Wielenberg’s argument then is as follows: Something has intrinsic value if it is valuable “in virtue of its intrinsic properties” and not “in virtue of how it is related to things apart from itself”. However, TS entails that “the value of all finite things is dependent upon their relationship to God” (emphasis mine) (p. 44). Consequently, TS entails “nothing distinct from God is intrinsically good”.
Below, I will make three responses to this argument.

4. Is the Argument Sound?

My first response is that the argument is unsound. For Wielenberg’s argument to be valid, the phrase “in virtue” in Wielenberg’s definition of intrinsic value must refer to the same kind of dependence relationship that theological stateists postulate holds between God and the value of finite things. However, this is not the case.3
Wielenberg spends some time elaborating on what he means when he says that intrinsic value is the value something has in virtue of its intrinsic properties. In doing so, he distinguishes between two different kinds of supervenience relationship. One is “reductive supervenience” (or R-supervenience). This is where a moral property M supervenes upon a base property B because the moral property is identical to the base property. The second is “De-Paul supervenience” (D-supervenience). If a moral property M D-supervenes upon a base property B, then “M is not identical with, reducible to or entirely constituted by B”; instead, “B’s instantiation makes M be instantiated”. (Wielenberg 2014, pp. 9–15)
D-supervenience and R-supervenience are distinct relationships. A person can consistently deny that moral properties R supervene upon a base property and affirm they do D supervene upon that property. This is implicit in the thesis of Robust Realism itself. Robust realists deny that moral properties R-supervene upon natural properties and hold that moral properties are sui generis. So, Moral properties are not identical or reducible to any natural property. However, moral properties do D-supervene upon natural properties. In Wielenberg’s view, natural properties make or “robustly cause” moral properties to be instantiated.4
When Wielenberg says something’s intrinsic value is its value in virtue of its intrinsic properties and its extrinsic value “is the value it has in virtue of how it is related to things apart from itself”, the phrase “in virtue” is shorthand for a relationship of D-supervenience.
If there are entities distinct from God that possess intrinsic value, then Craig’s claim is mistaken. I think that there are such entities. As I suggested in chapter one, some finite things pass the isolation and annihilation tests, which suggests that such things are intrinsically valuable. The intrinsic value of such entities D-supervenes upon some set of their intrinsic properties and not on how they are related to other things. (Wielenberg 2014, p. 44)…I will call the supervenience of M upon the base properties due to the fact that the base properties being instantiated makes M be instantiated D-supervenience (“D” for “DePaul”).

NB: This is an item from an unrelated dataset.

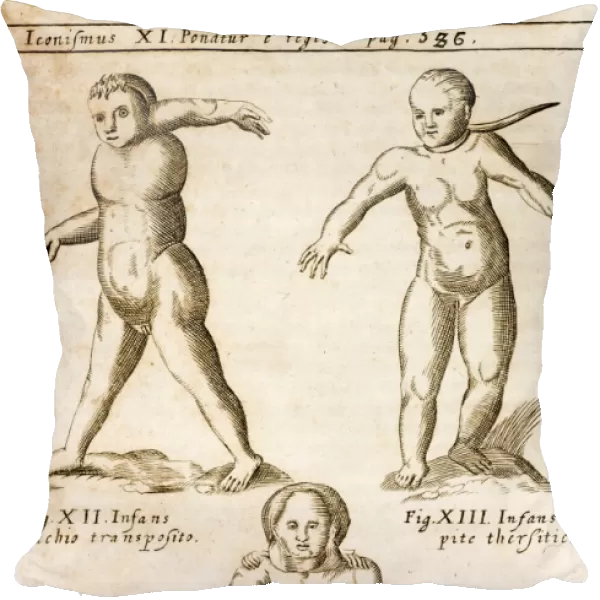 1662 Schott birth defects, teratology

In my view, the most plausible way of understanding the “in virtue of” relation that I earlier claimed holds between the intrinsic properties of certain things and their intrinsic value is as making. To claim that a given thing is intrinsically valuable is to claim that some of that thing’s intrinsic properties make it valuable, and the intrinsic value of a given thing is whatever value it has that is explained by its intrinsic properties. More generally, I think that moral properties—indeed all normative properties—D-supervene upon non-normative properties.
(Wielenberg 2014, p. 13) (Emphasis mine)
The problem is that proponents of TS do not deny that moral properties D supervene upon the intrinsic properties of finite objects. Nor are they committed to this claim. When theological stateists like Murphy, Adams, or Craig contend that the goodness of all finite things depends upon their relationship with God, they claim only that goodness R supervenes upon this relationship. Consider what Wielenberg said when he criticized Craig and Adams:
A noteworthy feature of Adams’s view is its implication that no finite thing is intrinsically good (or evil) since the goodness (and badness of things) of all finite things is dependent upon their relationship to God. Craig follows Adams in holding that finite goodness = resemblance to the necessarily existing divine nature... (Emphasis mine)
Wielenberg points out that Adams and Craig hold that the goodness of finite things depends on their relationship with God. This is correct. However, in the highlighted sentence, Wielenberg spells out the kind of dependence relationship they are referring to. A relationship whereby “finite goodness = resemblance to the necessarily existing divine nature”. Adams believes goodness is identical to this relationship.
Wielenberg makes this explicit when he offers further criticism of Craig and Adams:
It might be thought that Adams’s theory provides a foundation for such ethical facts; doesn’t the theory tell us, for instance, that the fact that the Good exists is grounded in the fact that God exists? The answer is no; since the Good just is God, the existence of God cannot explain or ground the existence of the Good. In the context of Adams’s view, the claim that God serves as the foundation of the Good is no more sensible than the claim that H2O serves as the foundation of water. Indeed, once we see that, on Adams’s view the Good = God, we see that Adams’s theory entails that the Good has no external foundation, since God has no external foundation.
Here Wielenberg explains that Adams’s (and Craig’s) position is that goodness just is a relationship between finite objects and God. The relationship between God and the good is the kind of relationship that holds between water and H20, a relationship of synthetic identity. Consequently, their position is the goodness of finite objects R-supervenes upon their relationship with God.
The upshot is this: If we use the word “in virtue” in the way that Wielenberg does, then TS does not entail that things distinct from God cannot have value in virtue of their intrinsic properties. TS entails the goodness of created things R supervenes upon their relationship to God. However, this does not entail that their goodness D supervenes upon God. Consequently, Wielenberg has not shown that TS is incompatible with the commonsense intuition that finite objects can have intrinsic value.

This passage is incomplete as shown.